◆ Exercise aim: Down to the last line of the listing, starting at the one with "10mm Sci-Fi Future", retype each line exactly. Do not copy the pictures.
(Beginning of Data block)
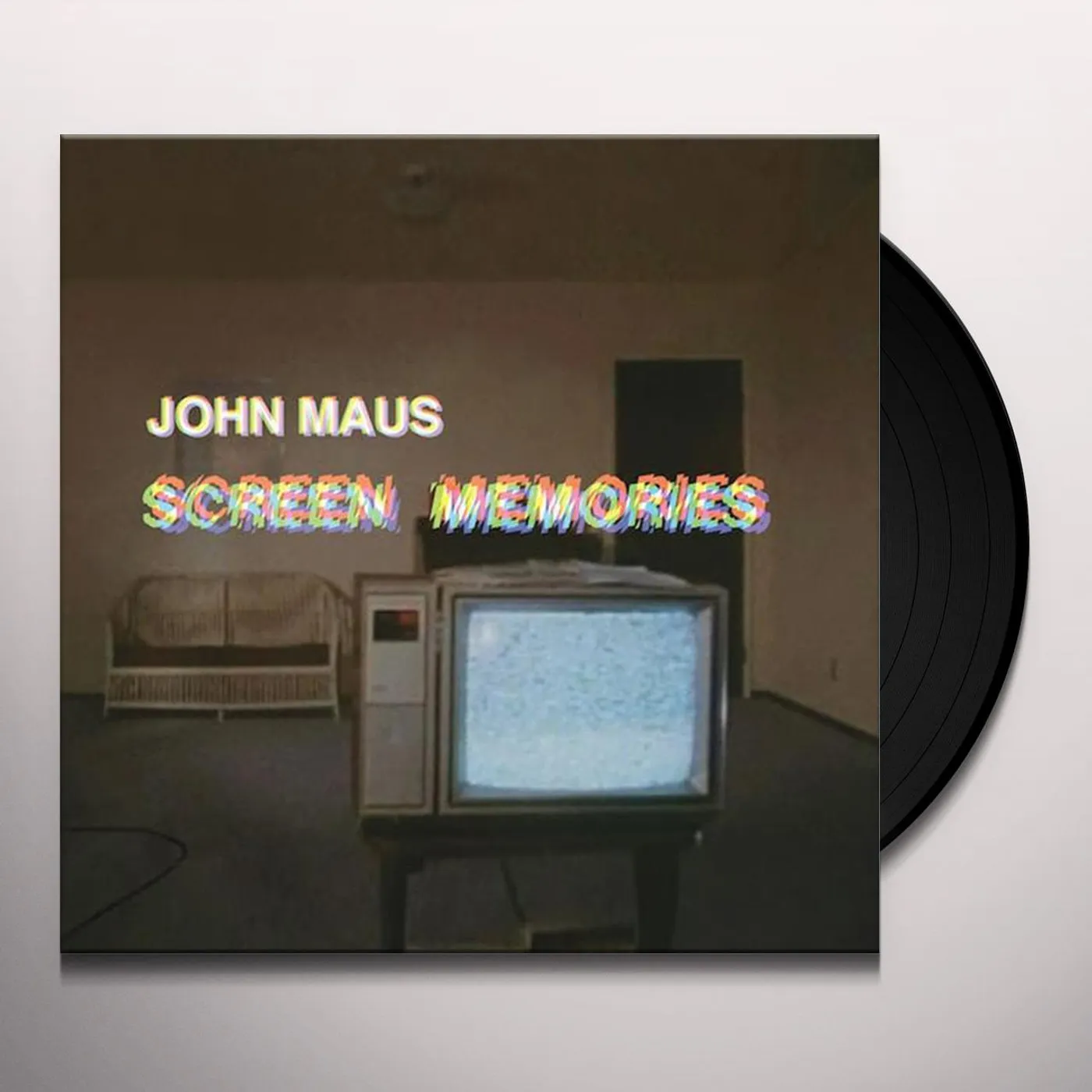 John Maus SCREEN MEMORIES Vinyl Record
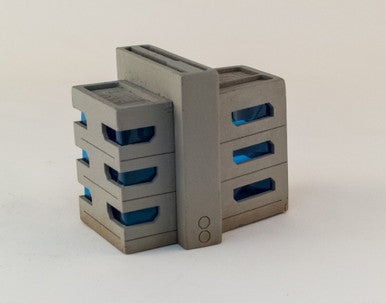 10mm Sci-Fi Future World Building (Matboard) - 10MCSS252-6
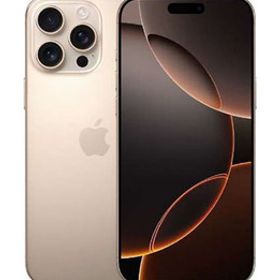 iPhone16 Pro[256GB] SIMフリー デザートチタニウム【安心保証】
(End of Data block)
◆ Reply to the task:
 10mm Sci-Fi Future World Building (Matboard) - 10MCSS252-6
 iPhone16 Pro[256GB] SIMフリー デザートチタニウム【安心保証】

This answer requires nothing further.